Observers close to the PAF believe that the Ra’ad-line of air-launched cruise missiles (ALCM) will also make their way to the JF-17.[3] The design changes shown in the new Ra’ad-II ALCM (notably the ‘X’-type tail stock instead of the wide horizontal stabilizers) suggest that the JF-17 will eventually get Ra’ad-II integration. At that point, the JF-17 will have taken all of the conventional-oriented tasks of the Mirage III/5s, though the PAF may continue keeping the Mirage III/5 as additional strike assets.

Situational Awareness

The PAF started improving this domain before Swift Retort. The centerpiece of this program was ordering three additional Saab 2000-based Erieye airborne early warning and control (AEW&C) aircraft. However, the KLJ-7A offers longer ranged radar tracking, so individual JF-17s will be able to see farther. It is unclear if the PAF will pursue a new AEW&C platform.
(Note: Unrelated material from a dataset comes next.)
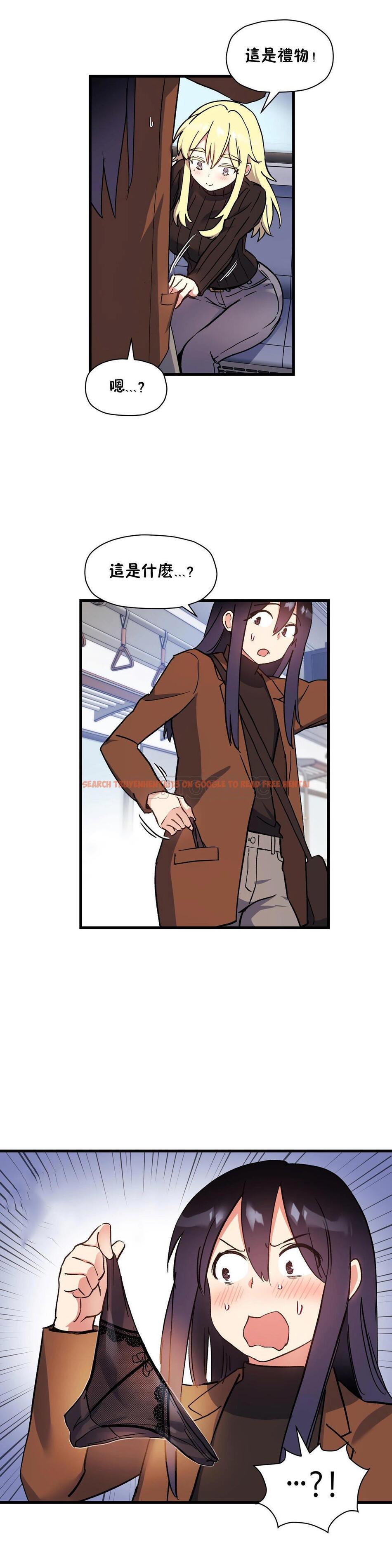 查看漫画初戀小白鼠 - 第40話 - sayhentaiz.net中的1359460图片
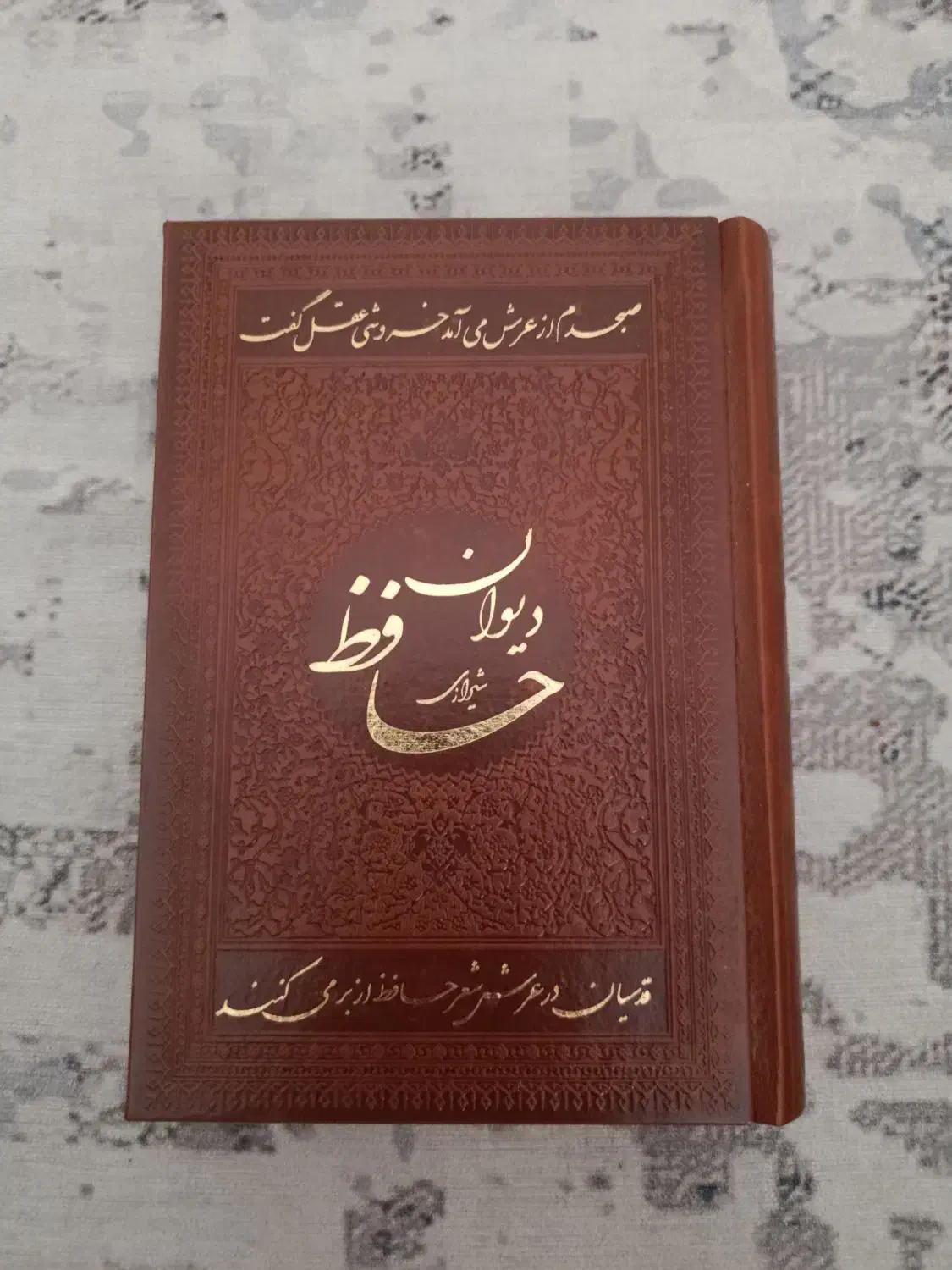 دیوان حافظ نو|کتاب و مجله ادبی|تهران, آذری|دیوار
If anything, a plausible near-term goal would be to improve Link-17 so that it can carry more data without compromising security.

That said, Swift Retort may have pushed the PAF to look at other ways to build situational awareness. The first could be a strategic look through image intelligence (IMINT), especially through a satellite. The second method could employ more unmanned aerial vehicles (UAV). Pakistan currently has two medium-altitude, long-endurance (MALE) drones in development. The third area would require proactive thinking, but an improved electronic support measures (ESM) capability could help better understand India’s air defence deployments near the border. Thus, signal intelligence (SIGINT) and electronics intelligence (ELINT) assets should be on the PAF’s near-term acquisition roadmap as well.

[1] Henri Kenhmann. “Airshow China 2016: KLJ-7A, le radar à radar.” East Pendulum. 01 November 2016. URL:

[2] Alan Warnes. “Pakistan’s Roaring Thunder.” Air Forces Monthly. May 2021.

[3] Ibid.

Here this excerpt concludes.